Anthropogenic forcing, F, is about 2.3 W/m^2 (for brevity, I am not going to bother with error bars) and the imbalance, R is about 0.5 W/m^2, so lambda*T is around 1.8 W/m^2. The “Planck response (Stephan-Boltzmann)” is about (0.85 K)*(3.3 W/m^2/K) = 2.8 W/m^2, so the other response (water vapor, lapse rate, albedo, cloud “feedbacks”) contribute combined about -1.0 W/m^2 (net positive). So the direct IR response seem to dominate.
Note: There are two ways that people use the term “feedback”. One includes the Planck response, in which case the feedbacks are net negative. The other refers only to the non-Planck responses, which are net positive. The first is the one that is consistent with the terminology being used here.
Mike M. (period) August 2, 2015 at 12:38 pm
Thanks, Mike, I think we may be talking about different things. I’m talking about the strength of the governor, which operates on a daily basis, not on an annual average basis.

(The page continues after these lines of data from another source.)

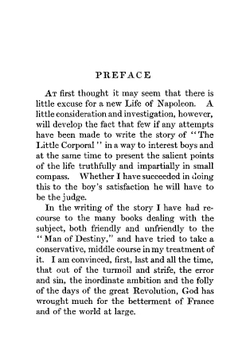 Napoleon Bonaparte; A History Written For Boys |  Сборник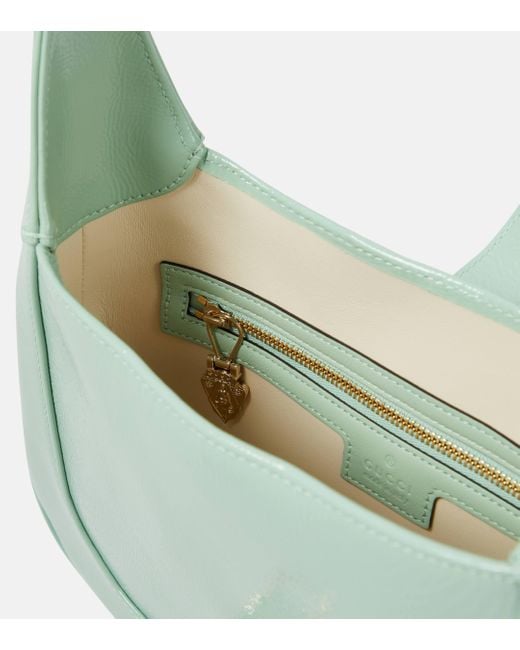 Gucci Green Jackie Small Leather Shoulder Bag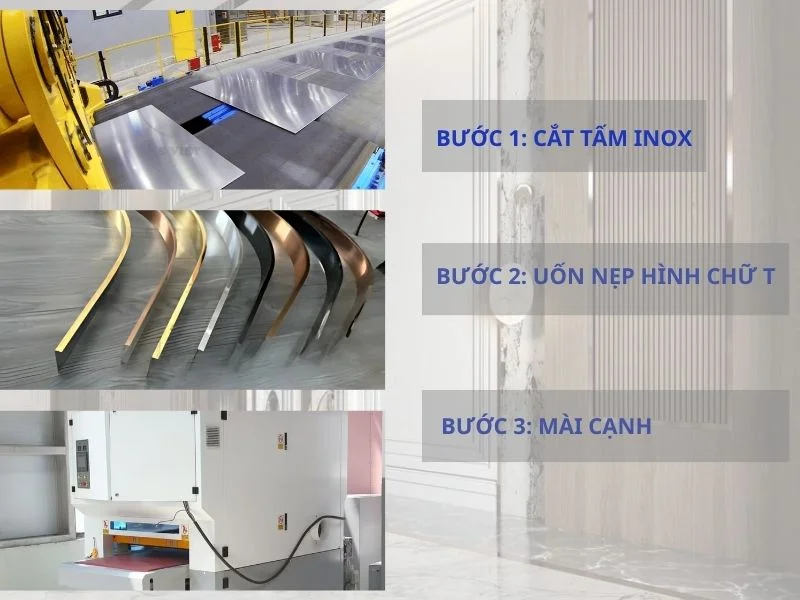 Nẹp T inox Kích thước - quy trình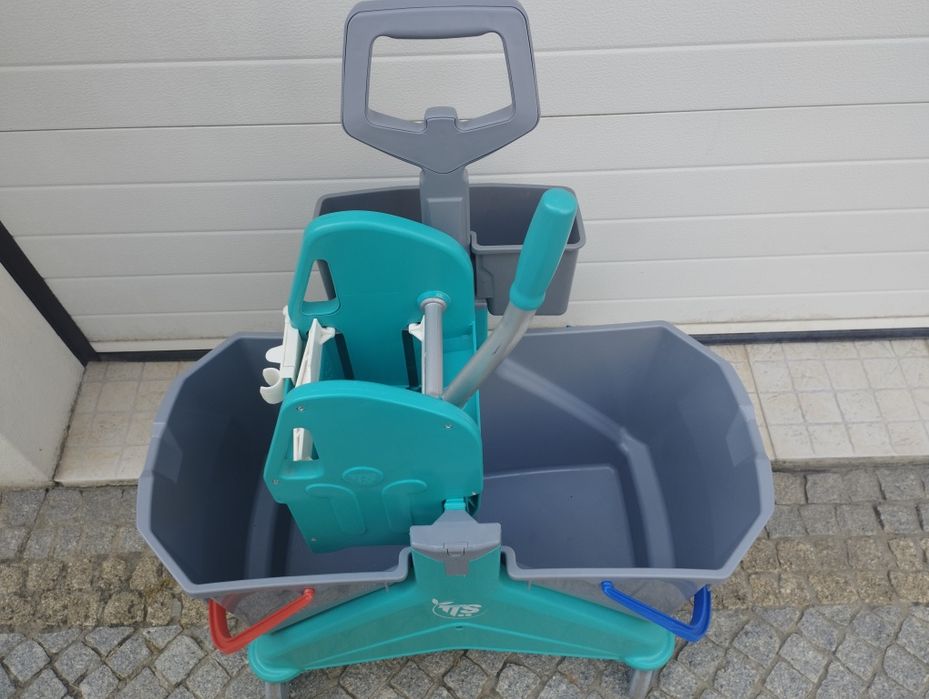 Carrinho de Limpeza Profissional com Dois Baldes e Espremedor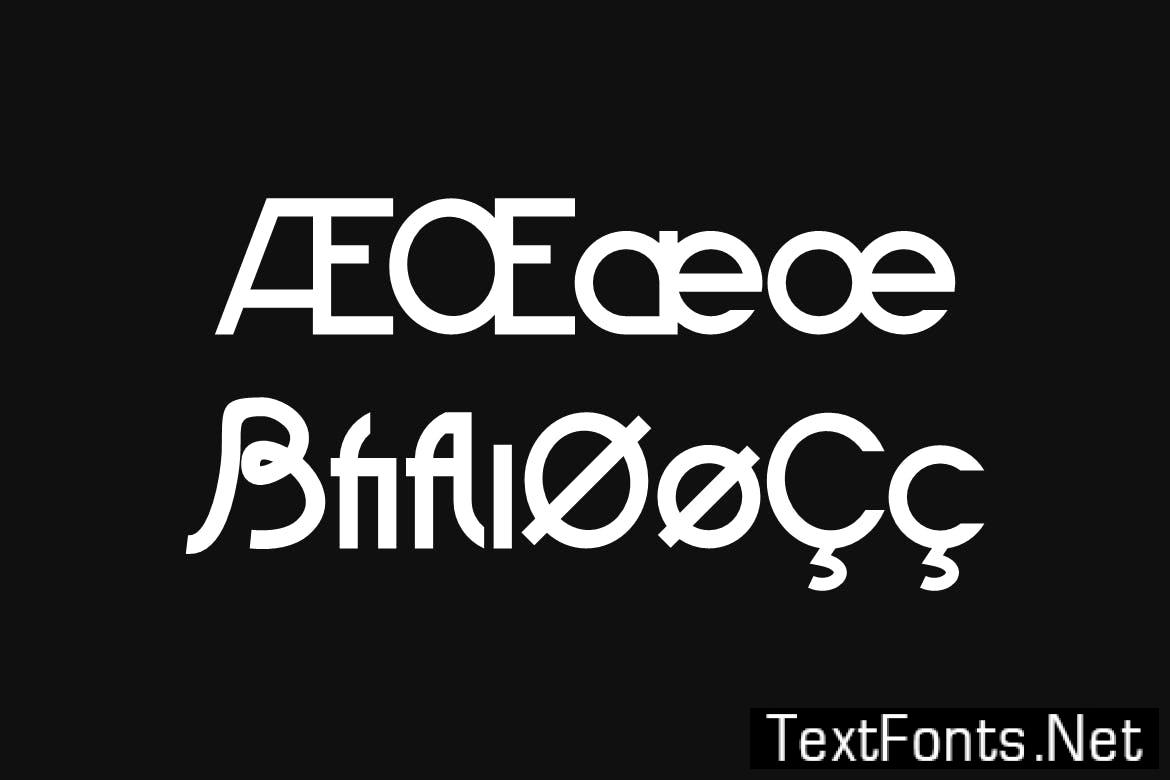 Magose - Experimental Unique Sans Font G3S5J6M
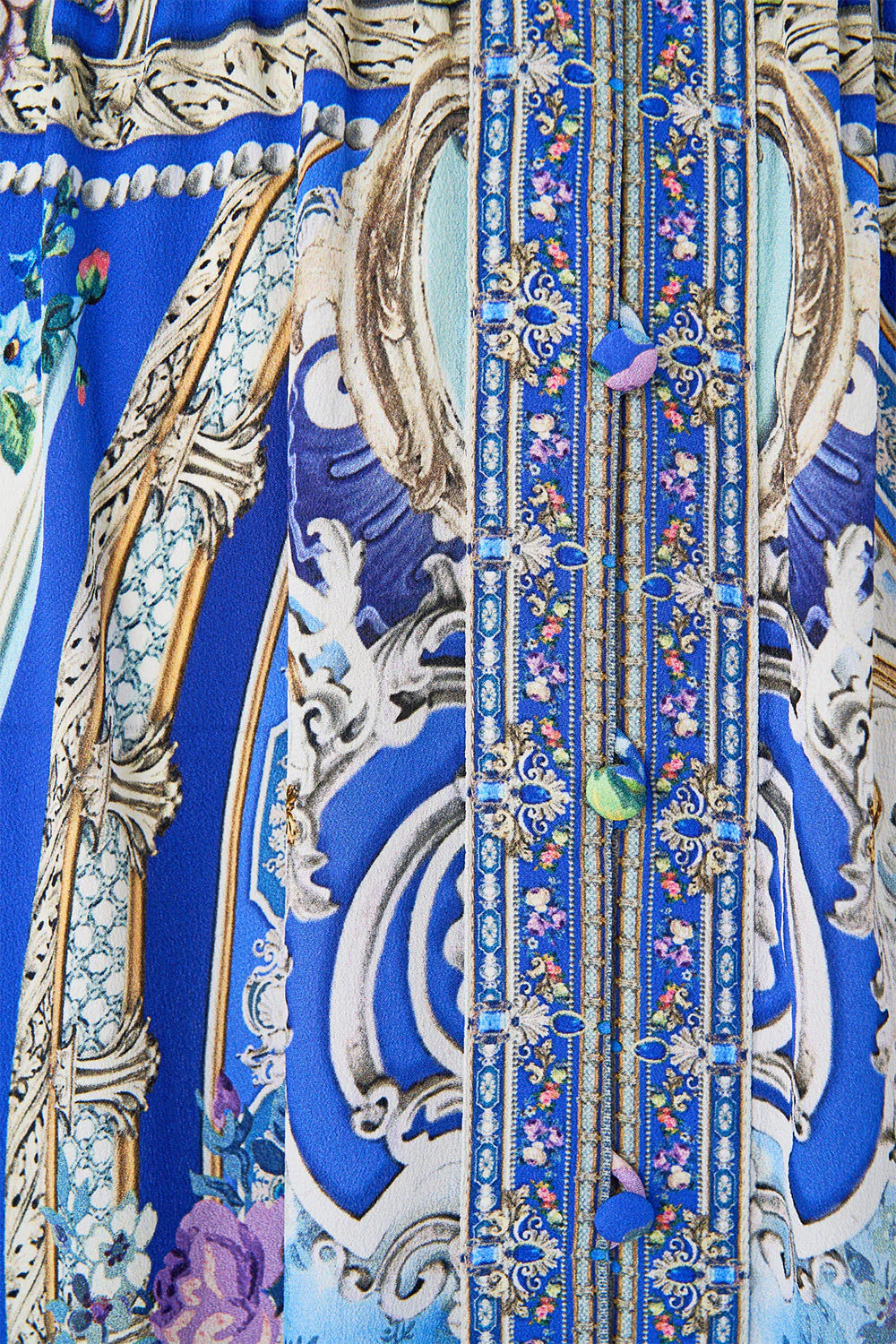 KIMONO SLEEVE DRESS WITH SHIRRING DETAIL OTTOMAN OPULENCE - Image 7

Here’s daily data from the TAO buoys:
As you can see, cloud variations easily can cut 100-200 W/m2 out of the incoming solar.
Regards,
w.
Willis I am glad to see you have responded to my many post on this subject to a varied degree with this article.
I am interested in solving the climate puzzle as you must be. This is why as I have suggested before I think it would be of value to have a subject about what possibilities or combination of factors can come about in such a way to over come the governor on the climate to a point which is strong enough to take the earth from an Inter- glacial state to a glacial state and vice versa.
Willis you must be thinking about this and I think it is a topic that would be very is worth while.
Salvatore Del Prete August 2, 2015 at 8:37 am
Since I’ve never seen a single post from you on this subject, your idea that I am “responding to” your posts is just your self-importance speaking …
w.
Is this really an issue?
Negative feedback attenuates deviations. Positive feedback amplifies deviations.
BTW, I posted this before, but here is some fun video feedback. I used to love playing with it.
We know the climate has a regulator of sorts but what we do not know are the influences which can overcome this regulator enough which allows the climate of the earth to vary enough to bring it into different climatic regimes although the extreme boundaries warm or cold do have a limit.
Why ? That is the question and it is elusive. Very elusive.